Die Pressestelle des Kreises Unna bestätigt eben jenes Ansinnen, das mit dem Hissen der Ukraine-Flagge seit März 2022, kurz nach Kriegsbeginn, verfolgt wird: „Sie soll ein Zeichen gegen den Krieg setzen und ein Zeichen für alle Ukrainerinnen und Ukrainern im Kreis Unna und darüber hinaus sein, dass der Kreis solidarisch an ihrer Seite steht.“
Und wie verhält es sich mit der Israel-Flagge? Sie wehte vor dem Kreishaus nur vom 16. bis 24. November. Der Terrorangriff auf israelische Staatsbürger erfolgte bekanntlich am 7. Oktober.

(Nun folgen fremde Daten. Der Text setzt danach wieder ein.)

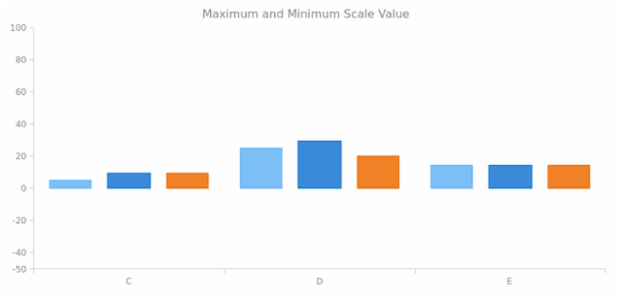 AGST Scales 06 created by AnyChart Team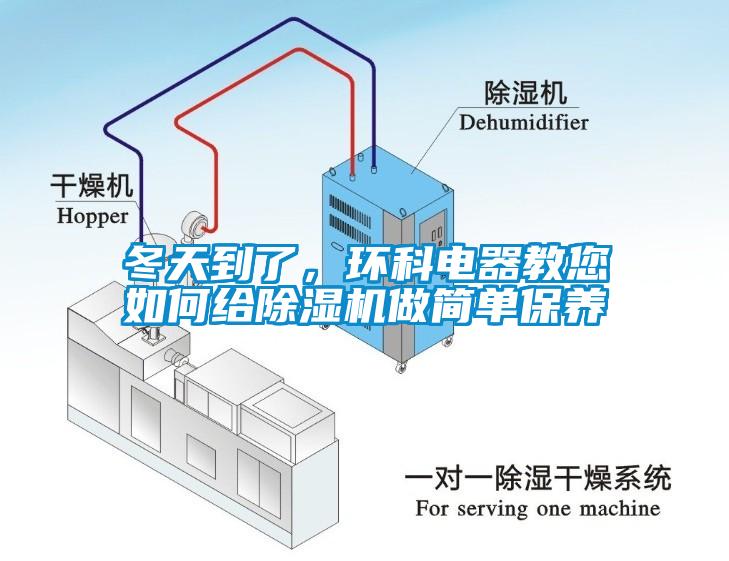 冬天到了，環科電器教您如何給除濕機做簡單保養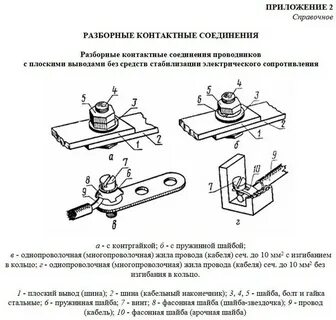 Контактные соединения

„Die Israel-Flagge war nicht auf Lager und musste erst beschafft werden“, heißt es von der Kreisverwaltung. Wegen längerer Lieferzeiten sei sie erst am 16. November aufgezogen worden.
Israel-Flagge auf Initiative des Landrats beschafft
„Die Israel-Flagge ist auf Initiative von Landrat Löhr beschafft und gehisst worden, um sichtbar Solidarität mit der jüdischen Gemeinde im Kreis Unna und darüber hinaus nach dem Angriffskrieg der Hamas zu zeigen“, erläutert der Kreis.
Warum aber hängen nun beide Nationalflaggen nicht mehr an den Masten? Die Beflaggungsverordnung ermächtigt kommunale Dienststellen „aus eigener Entscheidung“ zu flaggen, „wenn sie eine öffentliche Beflaggung aus regionalen Gründen für erforderlich halten“.
Daher seien für den Zeitraum von einer Woche (Freitag, 24. November bis Freitag, 1. Dezember) die „Nein zur Gewalt gegen Frauen“-Flaggen gehisst worden. Damit solle sichtbar ein Zeichen gegen Gewalt an Frauen gesetzt werden.
Übrigens werden, so der Kreis Unna, am 1. Dezember sowohl die Ukraine-Flagge als auch die Israel-Flagge wieder vor dem Kreishaus gehisst – und zwar mindestens so lange, bis es zu friedlichen Lösungen in den beiden Kriegsgebieten gekommen ist.